Tu, il venditore d’auto, il sarto ecc ecc. vivete pensando che ad ogni banconota e moneta corrisponda un certo “deposito” reale. Da qualche parte C’E’.


Un giorno, venite a sapere che in realtà il banco non ha tutto l’oro depositato, ma solo una piccola parte o “riserva frazionaria”, perché anche il banco ha dato in deposito il suo metallo ad un banco più sicuro, con grandi depositi vigilati, che viene chiamato “banco centrale” : lì perfino il Governo mette i soldi.


Vi sentite ancora più sicuri e usate le banconote con ancora più fiducia.


Bene. Un giorno però succede che il banco si trova esposto perché ha fatto costruire delle case per venderle , ma non riesce a venderle da anni. Il banco ha già pagato una parte dei lavori , ma il costruttore vuole essere pagato completamente.

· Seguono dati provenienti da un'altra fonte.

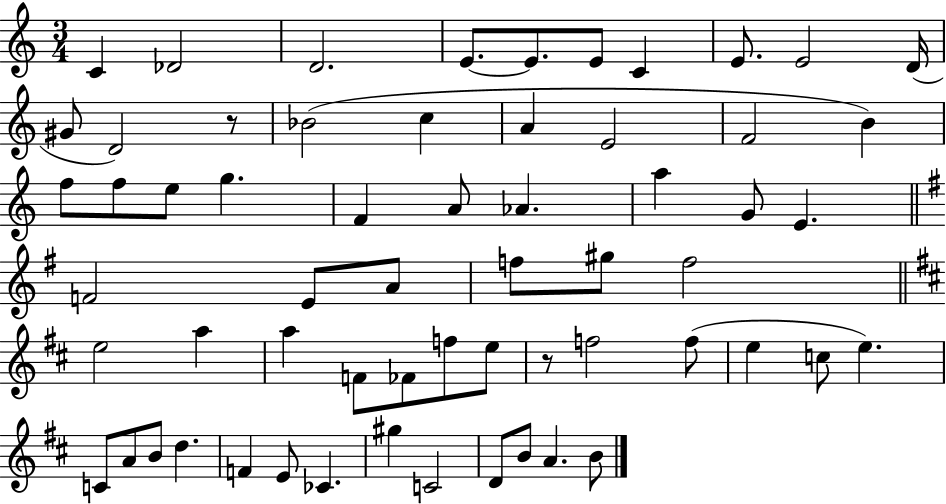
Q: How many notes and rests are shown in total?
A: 61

Insomma manca del denaro, e se il banco dovesse restituire tutto il metallo equivalente alle banconote


circolanti non ne avrebbe a sufficienza.


Il banco pensa però di dare al costruttore delle banconote con le quali dichiara che il metallo depositato e della stessa banca. Il costruttore le usa con altri fornitori e nessuno si accorge di un fatto semplice: IL BANCO NON HA DEPOSITATO ALCUN ORO SUO !.


Il Banco, capisce che il gioco regge, e per simulare meglio decide allora di fare una ulteriore cosa poco onesta: scrive nel registro dei depositi che egli ha depositato l’oro, e poi scrive nel registro dell’oro mandato al banco centrale che una certa quantità è stata depositata.

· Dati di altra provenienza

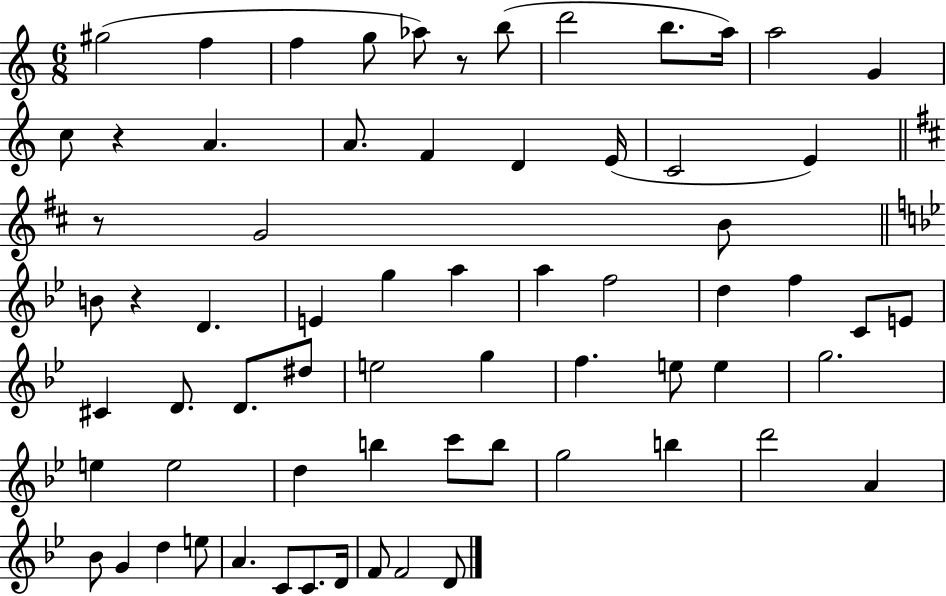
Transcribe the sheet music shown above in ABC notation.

X:1
T:Untitled
M:6/8
L:1/4
K:C
^g2 f f g/2 _a/2 z/2 b/2 d'2 b/2 a/4 a2 G c/2 z A A/2 F D E/4 C2 E z/2 G2 B/2 B/2 z D E g a a f2 d f C/2 E/2 ^C D/2 D/2 ^d/2 e2 g f e/2 e g2 e e2 d b c'/2 b/2 g2 b d'2 A _B/2 G d e/2 A C/2 C/2 D/4 F/2 F2 D/2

Ecco fatto. Il fatto che la banca, in maniera fraudolenta e falsa, dichiara di avere dei “valori” depositati nel banco centrale, è la creazione di moneta dal nulla, ossia uno degli aspetti del Signoraggio.


Grazie a questo trucco, il banco crea tutto il denaro=banconote che vuole senza dover fare nulla in cambio.

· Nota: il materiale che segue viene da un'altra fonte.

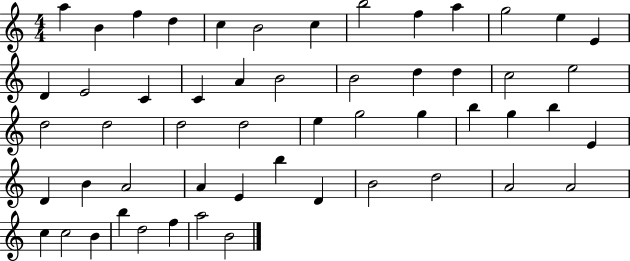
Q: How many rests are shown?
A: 0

In qualche maniera trucca i conti e via.


Dite che è impossibile ? Ebbene, la bugia è andata così oltre nel tempo e nella quantità che non sono il banco ma anche il banco centrale ha cominciato a fare della banconote di deposito sul nulla, e le casse forti del banco centrale sono completamente vuote.


Oggi alla moneta circolante non corrisponde alcun bene reale, sono solo pezzi di carta.


Il giochino si è ulteriormente evoluto con l’avvento della “moneta elettronica” , che ha permesso alle banche di eliminare anche la prova della truffa, ossia quelle banconote di autodeposito che esse facevano


Lo scossone finanziario dell’impero ( attualmente “americano”) di agosto, è stato solo il primo shock di una serie che ci attende, perché il fatto è che il sistema monetario non regge più.


E’ una grande catena di SantAntonio basato sull’usura di chi stampa moneta senza aver nulla in riserva (signoraggio).


Grazie a questo meccanismo acclarati di “creazione di denaro dal nulla” o “Ex nihilo” si è tenuto in piedi un potere occulto di governo mondiale che da diversi secoli scatena guerre contro chiunque minaccia questo monopolio.


La crisi delle borse viene affrontata attraverso la “immissione” di centinaia di miliardi di Euro e Dollari nel sistema finanziario: tonnellate di nuovi bigliettini stampati di Dollari ed Euro vengono fatti circolare, e vengono dati agli operatori di borsa collegati alle banche che hanno fatto investimenti sbagliati su persone ed aziende non affidabili.


Questo sistema tiene in piedi i ladri a danno degli onesti.


Le banche continuano a stampare e mettere in circolo banconote senza che ad esse corrisponda il benché minimo debito delle Banche stesse verso il popolo che dovrà pagare i debiti.